Data excerpts:
-----
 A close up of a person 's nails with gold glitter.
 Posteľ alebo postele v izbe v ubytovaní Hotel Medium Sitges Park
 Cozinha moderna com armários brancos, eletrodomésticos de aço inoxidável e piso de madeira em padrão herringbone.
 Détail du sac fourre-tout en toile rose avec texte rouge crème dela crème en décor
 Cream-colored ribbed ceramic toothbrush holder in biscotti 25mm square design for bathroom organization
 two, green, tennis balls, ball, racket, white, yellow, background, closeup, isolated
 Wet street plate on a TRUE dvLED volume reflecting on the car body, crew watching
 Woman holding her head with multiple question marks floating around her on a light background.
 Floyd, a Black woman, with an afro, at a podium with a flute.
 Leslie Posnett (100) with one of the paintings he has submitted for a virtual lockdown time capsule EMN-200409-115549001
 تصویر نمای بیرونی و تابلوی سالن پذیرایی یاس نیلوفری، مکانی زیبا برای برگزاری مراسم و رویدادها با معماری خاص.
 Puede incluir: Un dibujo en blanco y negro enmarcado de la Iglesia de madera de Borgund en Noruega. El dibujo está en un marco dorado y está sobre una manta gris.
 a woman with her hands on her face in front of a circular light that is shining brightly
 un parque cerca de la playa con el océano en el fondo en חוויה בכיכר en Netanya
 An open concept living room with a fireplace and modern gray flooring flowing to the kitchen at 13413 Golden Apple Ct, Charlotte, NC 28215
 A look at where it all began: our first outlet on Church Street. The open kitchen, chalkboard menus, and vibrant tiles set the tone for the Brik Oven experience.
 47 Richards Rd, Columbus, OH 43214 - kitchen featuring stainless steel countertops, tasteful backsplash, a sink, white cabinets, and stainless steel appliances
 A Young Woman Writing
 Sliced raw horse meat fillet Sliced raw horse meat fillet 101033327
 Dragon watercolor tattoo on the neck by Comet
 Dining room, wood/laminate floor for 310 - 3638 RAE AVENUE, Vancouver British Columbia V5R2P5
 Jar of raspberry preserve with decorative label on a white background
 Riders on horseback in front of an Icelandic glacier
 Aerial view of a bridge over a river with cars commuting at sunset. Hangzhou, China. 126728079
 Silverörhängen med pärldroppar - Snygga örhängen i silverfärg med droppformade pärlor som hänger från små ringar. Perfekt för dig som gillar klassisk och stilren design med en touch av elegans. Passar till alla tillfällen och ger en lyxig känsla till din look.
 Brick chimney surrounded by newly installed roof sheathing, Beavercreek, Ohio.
-----
● WORK TASK:
Reproduce the full block of data exactly, omitting nothing.

● SOLUTION FOR THIS PROBLEM:
 A close up of a person 's nails with gold glitter.
 Posteľ alebo postele v izbe v ubytovaní Hotel Medium Sitges Park
 Cozinha moderna com armários brancos, eletrodomésticos de aço inoxidável e piso de madeira em padrão herringbone.
 Détail du sac fourre-tout en toile rose avec texte rouge crème dela crème en décor
 Cream-colored ribbed ceramic toothbrush holder in biscotti 25mm square design for bathroom organization
 two, green, tennis balls, ball, racket, white, yellow, background, closeup, isolated
 Wet street plate on a TRUE dvLED volume reflecting on the car body, crew watching
 Woman holding her head with multiple question marks floating around her on a light background.
 Floyd, a Black woman, with an afro, at a podium with a flute.
 Leslie Posnett (100) with one of the paintings he has submitted for a virtual lockdown time capsule EMN-200409-115549001
 تصویر نمای بیرونی و تابلوی سالن پذیرایی یاس نیلوفری، مکانی زیبا برای برگزاری مراسم و رویدادها با معماری خاص.
 Puede incluir: Un dibujo en blanco y negro enmarcado de la Iglesia de madera de Borgund en Noruega. El dibujo está en un marco dorado y está sobre una manta gris.
 a woman with her hands on her face in front of a circular light that is shining brightly
 un parque cerca de la playa con el océano en el fondo en חוויה בכיכר en Netanya
 An open concept living room with a fireplace and modern gray flooring flowing to the kitchen at 13413 Golden Apple Ct, Charlotte, NC 28215
 A look at where it all began: our first outlet on Church Street. The open kitchen, chalkboard menus, and vibrant tiles set the tone for the Brik Oven experience.
 47 Richards Rd, Columbus, OH 43214 - kitchen featuring stainless steel countertops, tasteful backsplash, a sink, white cabinets, and stainless steel appliances
 A Young Woman Writing
 Sliced raw horse meat fillet Sliced raw horse meat fillet 101033327
 Dragon watercolor tattoo on the neck by Comet
 Dining room, wood/laminate floor for 310 - 3638 RAE AVENUE, Vancouver British Columbia V5R2P5
 Jar of raspberry preserve with decorative label on a white background
 Riders on horseback in front of an Icelandic glacier
 Aerial view of a bridge over a river with cars commuting at sunset. Hangzhou, China. 126728079
 Silverörhängen med pärldroppar - Snygga örhängen i silverfärg med droppformade pärlor som hänger från små ringar. Perfekt för dig som gillar klassisk och stilren design med en touch av elegans. Passar till alla tillfällen och ger en lyxig känsla till din look.
 Brick chimney surrounded by newly installed roof sheathing, Beavercreek, Ohio.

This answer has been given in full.